Fukushima: fissione incontrollata nel reattore 2

Tokio, nuovo rischio di fusione alla Tepco. – L’operatore Electric Power della ormai nota centrale nucleare giapponese Fukushima Daiichi, ha oggi rilevato nel reattore numero 2 una sostanza che testimonierebbe una reazione nucleare non programmata. Si tratta dello Xeno, presente in piccola quantità nel sistema. Si presume sia avvenuta una fissione nucleare a caldo, dagli esiti ancora sconosciuti per l’immediato futuro. E’ dunque allarme, dopo che di recente le azioni della Fukushima avevano avuto una positiva impennata, riconquistando la fiducia dei mercati europei e mondiali in seguito alla drammatica situazione che dallo scorso marzo ci ha tenuti tutti sul filo, a causa dello tsunami dal quale era stata colpita la centrale, con i conseguenti danni avvenuti in diversi reattori nucleari.

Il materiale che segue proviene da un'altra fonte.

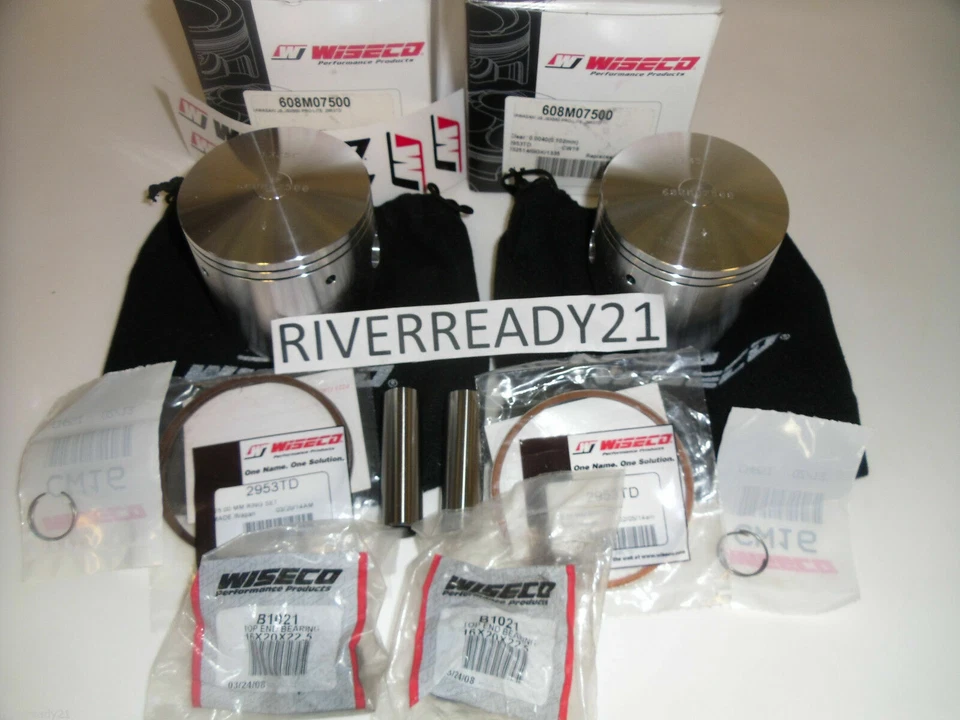 KAWASAKI 550sx Wiseco Top end Rebuild Kit InStock 1991-95 75.5 .5mm  - Image 1 of 1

I provvedimenti. Al momento gli scienziati della Fukushima sono impegnati a realizzare la fissione a freddo all’interno dell’impianto, che secondo i programmi sarà una reazione che avverrà i tutta sicurezza. Questa fissione fuori programma mette però in pericolo l’attuale ricerca, e gli esiti del frenetico lavoro che alla Fukushima si compie da marzo, grazie al quale la fiducia internazionale è stata già “quasi” riconquistata in favore dell’azienda e del nucleare. Lo Xeno ritrovato nel reattore 2, ad ogni modo, è stato ora isolato in una miscela di acqua e acido borico, la quale dovrebbe impedire ulteriori reazioni nucleari.

La ‘criticalità’. – Con il termine scientifico italiano ‘criticalità’ si intende l’insieme di condizioni atte a far avvenire reazioni nucleari. Le condizioni di criticalià dunque sono ovviamente sempre un ambito che deve essere programmato e predisposto ad hoc dagli scienziati, al fine di avere reazioni nucleari sicure e controllate. In questo caso la criticalità si è costituita in modo autonomo e non sotto il controllo del personale di Fukushima. Il che costituisce appunto la condizione più classica di rischio e di allarme per una centrale nucleare. Sulla criticalità non voluta, il portavoce dell’azienda Junichi Matsumoto ha oggi usato toni tranquillizzanti nei riguardi dell’opinione pubblica: “Si può stabilire che una criticità isolata è avvenuta per un breve periodo di tempo, a giudicare dalla presenza di Xeno”. In generale, quest’opinione non è stata contraddetta per ora dal mondo accademico: tutte le opinioni espresse parlano di rischio minimo.